28th April 2012: Andrew Brons is at the European Parliament in Brussels this week and yesterday afternoon he made this contribution to a debate, held in the Constitutional Affairs Committee (AFCO), on a proposal to restrict and, perhaps, eventually abolish written declarations*.
"The Rapporteur judges written declarations on the basis of two criteria: 1. Do they set the agenda of EU institutions? and 2. Do they influence decisions taken by those institutions?
The answer to both questions is clearly 'No' and so, if we were to accept the Rapporteur's criteria, they would have to go. However, I do not accept the Rapporteur's criteria. The agenda of all EU institutions is set by the Political Class and the eventual decisions of all institutions are those of that Class.

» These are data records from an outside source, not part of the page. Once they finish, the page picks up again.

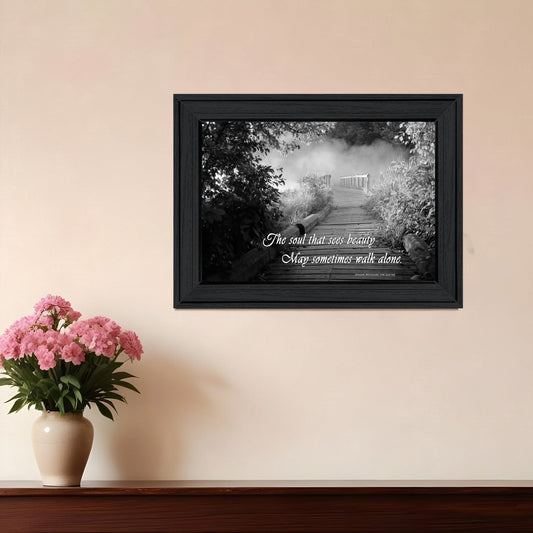 Beauty Grayscale 1 Black Framed Print Wall Art - Homeroots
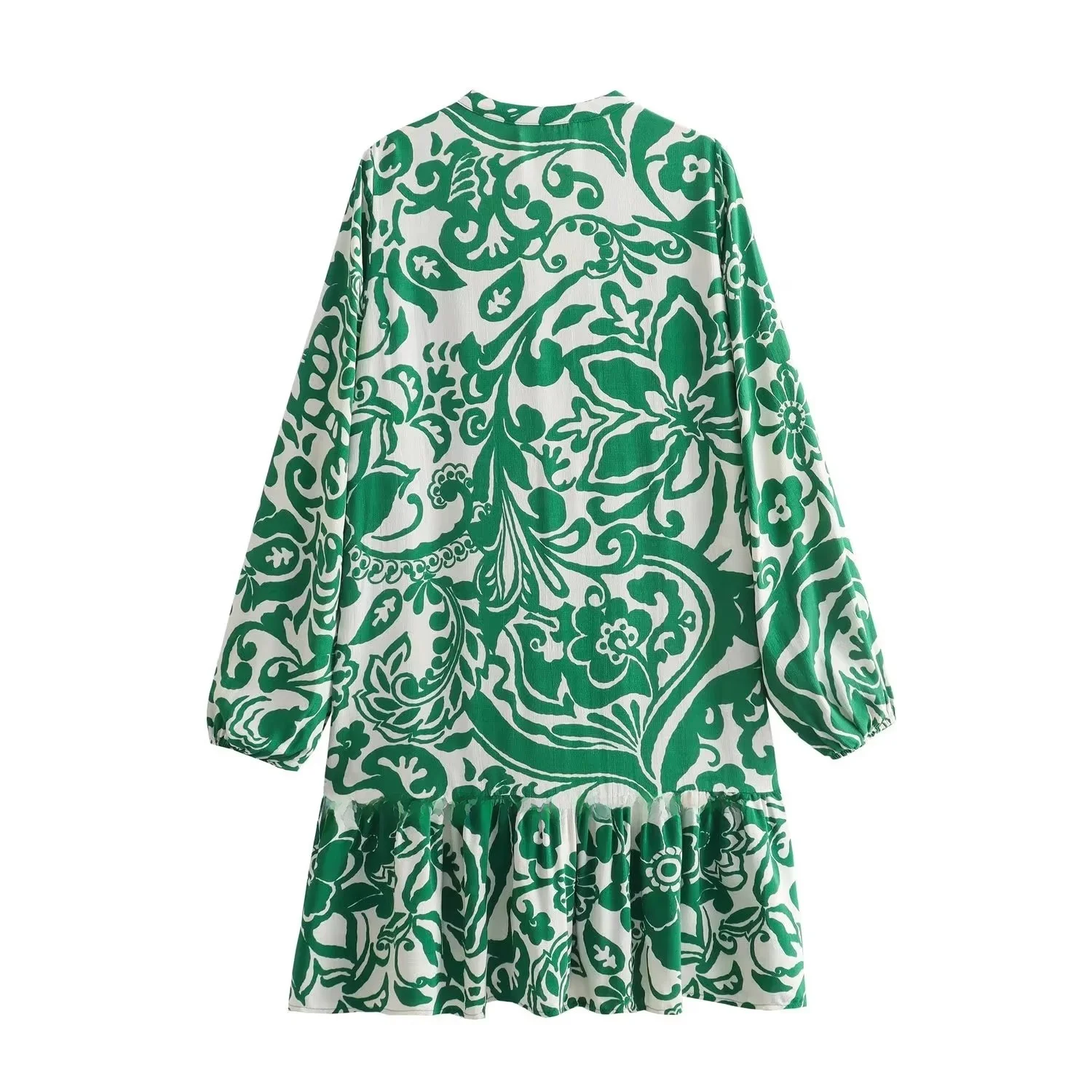 Ele taille haute a-ligne Dr een imprimé fleuri V-Ne boutonné multicouche blanc Bot Long Sve printemps été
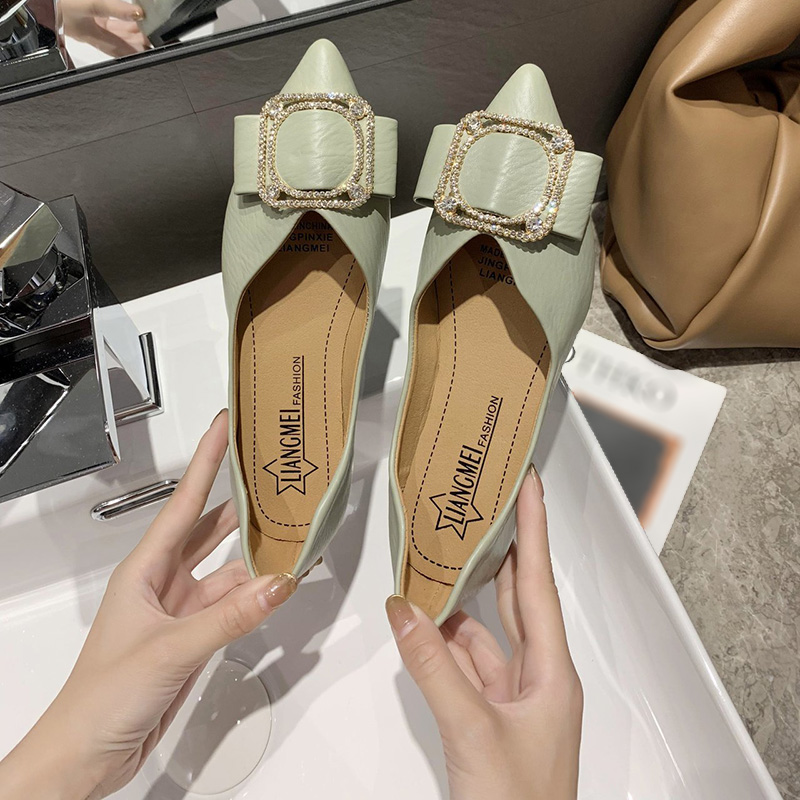 Giày Bệt Nữ, Giày Búp Bê Mềm Được Trang Trí Bằng Rhinestone, Giày Đế Bằng Mũi Nhọn Màu Đen | BigBuy360 - bigbuy360.vn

If expressions of opinion on matters that are unlikely to be placed on the agenda are a waste of time and if the expression of opinions that are doomed to be minority opinions from the moment that they are uttered are a waste of time, then some of us were assured of wasting our time from the moment that we were elected until the expiry of our mandate.
However, I do not accept that expressions of opinions that are in a minority in a particular legislature on a particular date, are a waste of time. Opinions that are now in a minority are not certain always to be so. Some landmark decisions in the legislatures of the world: independence for dependent countries; the abolition of slavery; a complete adult franchise; and reform of conditions in the work place were all once minority opinions and indeed considered to be eccentric opinions, in the legislatures of all leading countries.
Written declarations play a small part, perhaps a very small part, in airing minority opinions that would otherwise not see the light of day. However, they can still be worthwhile.
Ill-treated Ukrainian dogs, murdered South African farmers, property owners on the Spanish Costas and small-scale British sheep farmers would all be considered low priorities by the European Political Class but they might be noticed in a written declaration."
*Written declarations are rather similar to a House of Commons 'early day motion'. They are statements, proposed by a small group of MEPs, to which other MEPs are invited to attach their signatures. They could be seen as joint statements of opinion about a possible future decision.